The first of 6 sub-networks identified by Gephi’s modularity algorithm, the sub-network around Blois is small, with two distinct geographic centers. This geographic spread is the result of feudal ties. The counts of Blois, some of the most powerful nobility in medieval France, were also the hereditary lords of Avesnes during the time in question, which in turn made them suzerain lords over Estrées, Waslers, and Boué. St-Michel-en-Thiérache is a Benedictine foundation near Foigny, with whom it had occasional territorial disagreements, most notably over the forest of Watigny (not shown).
The Chimay sub-network is one fairly local to Foigny, and covers a good portion of the north-east of modern France. It is less hub-like than the Blos sub-network, with Chimay acting as the center point of its own network but having many trees off the points immediately associated with it.
Given the importance of the Laon episcopate to the founding of Foigny, the size and scope of the Laon sub-network is not surprising.
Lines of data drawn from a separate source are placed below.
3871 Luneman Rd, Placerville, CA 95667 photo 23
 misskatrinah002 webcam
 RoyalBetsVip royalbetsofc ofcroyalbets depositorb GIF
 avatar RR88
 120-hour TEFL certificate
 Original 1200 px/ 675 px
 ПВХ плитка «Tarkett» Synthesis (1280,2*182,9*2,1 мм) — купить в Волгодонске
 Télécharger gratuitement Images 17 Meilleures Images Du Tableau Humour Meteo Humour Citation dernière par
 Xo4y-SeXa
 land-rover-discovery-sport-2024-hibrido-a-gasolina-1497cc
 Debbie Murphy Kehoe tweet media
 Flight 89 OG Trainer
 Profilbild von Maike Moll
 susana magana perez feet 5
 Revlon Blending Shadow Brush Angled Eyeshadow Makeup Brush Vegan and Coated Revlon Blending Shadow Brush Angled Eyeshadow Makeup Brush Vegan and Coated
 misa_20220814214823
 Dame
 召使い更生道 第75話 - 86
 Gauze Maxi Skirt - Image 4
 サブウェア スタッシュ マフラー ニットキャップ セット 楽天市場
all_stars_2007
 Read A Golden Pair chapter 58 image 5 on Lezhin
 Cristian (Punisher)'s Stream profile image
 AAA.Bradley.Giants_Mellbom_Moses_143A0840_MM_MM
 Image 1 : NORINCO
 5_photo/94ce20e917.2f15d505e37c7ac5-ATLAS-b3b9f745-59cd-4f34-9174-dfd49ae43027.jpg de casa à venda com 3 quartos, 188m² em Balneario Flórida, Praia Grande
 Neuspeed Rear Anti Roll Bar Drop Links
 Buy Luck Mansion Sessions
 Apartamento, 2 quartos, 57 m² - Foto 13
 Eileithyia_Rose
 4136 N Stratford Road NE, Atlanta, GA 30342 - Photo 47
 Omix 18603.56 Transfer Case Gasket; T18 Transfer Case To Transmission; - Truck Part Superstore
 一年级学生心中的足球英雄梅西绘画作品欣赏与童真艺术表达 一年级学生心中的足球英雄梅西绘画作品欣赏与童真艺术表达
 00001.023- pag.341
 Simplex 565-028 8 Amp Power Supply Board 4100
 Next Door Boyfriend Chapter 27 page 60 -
Its geographic scope is, however, telling. Instead of seeking out the support of their own local bishop or archbishop, individuals outside of the diocese of Laon who wish to contribute to Foigny seek the support of the local episcopate. In short, the ecclesiastic authority closest to the site in question is the relevant authority, a marked contrast to the Blois network which is entirely based off of feudal ties.
While not as large as the network around Laon, the network around the nearby prince-bishopric of Liège shows similar characteristics. Here, too, we see a reaching across diocesan lines for support, although not to the same degree as with Laon.
As befits its archiepiscopal status, the Reims network is large and broadly distributed. Reims is the metropolitan see of Laon, and constitutes a higher authority in the same geographic area. Moreover, as we shall see, Reims had a fairly active role in the crusade in Languedoc, perhaps explaining some of the southern connections.